Let's assume now that there exist some postive integers $ a\neq b$ so that $ (\alpha ab-1)|(a-b)^{2}$. Let $\displaystyle k = \frac{(a-b)^{2}}{\alpha ab-1} > 0$.
Let $ S=\{ (a,b): a,b\in \mathbb{Z}^{+}, (a-b)^{2}/(\alpha ab-1)=k\}$. Since $ |S| \geq 1$, there is a pair $ (a,b)\in S$ which minimizes $ a+b$ over all $ (a,b)\in S$. WLOG assume that $a > b$. Consider now the quadratic equation $$ \frac{(x-b)^{2}}{\alpha xb-1}=k \Leftrightarrow x^{2}-x(2b+bk \alpha)+b^{2}+k=0 $$
which has roots $ x_{1}=a$ and $\displaystyle x_{2}=2b+\alpha kb-a= \frac{b^{2}+k}{a}$ (from Vieta).

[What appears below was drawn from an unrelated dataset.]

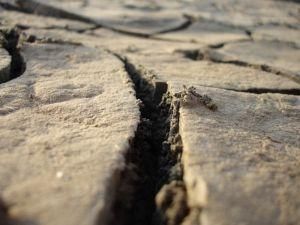 В Папуа-Новой Гвинее произошло землетрясение В Папуа-Новой Гвинее произошло землетрясение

This implies that $ x_{2}\in \mathbb{Z}^{+}$, so $ (x_{2}, b)\in S$. By the minimality of $a+b$, we however have $ x_{2}\geq a$, ie $\displaystyle \frac{b^{2}+k}{a} \geq a$ and therefore $ k\geq a^{2}-b^{2}$.
Thus, $\frac{(a-b)^2}{\alpha ab - 1} =k \geq a^{2}-b^{2}$ and hence $ a-b\geq (a+b)(\alpha ab-1)$, clearly impossible for $a,b \in\mathbb{Z}^{+}$. Thus if the divisibility condition holds then $a=b$.
This relation is never empty. Indeed, it always contains any $(x,0)$ with $x \gt 0$ .
It is always symmetric. Indeed, if $(x,y)\in A$, then there is an integer $k$ such that $(ax^2-1)^2=k(axy-1)$.
Put
$$ q=(axy)^3+(axy)^2+(axy)-2(axy+1)(ay^2)+1 $$
Then ,we have the identity
$$ (ay^2)^2((ax^2-1))^2-(axy-1)q=((ay^2-1))^2 $$
and therefore $(ax^2-1)^2=k'(axy-1)$ with $k'=(ay^2)^2k-q$. So $(y,x)\in A$.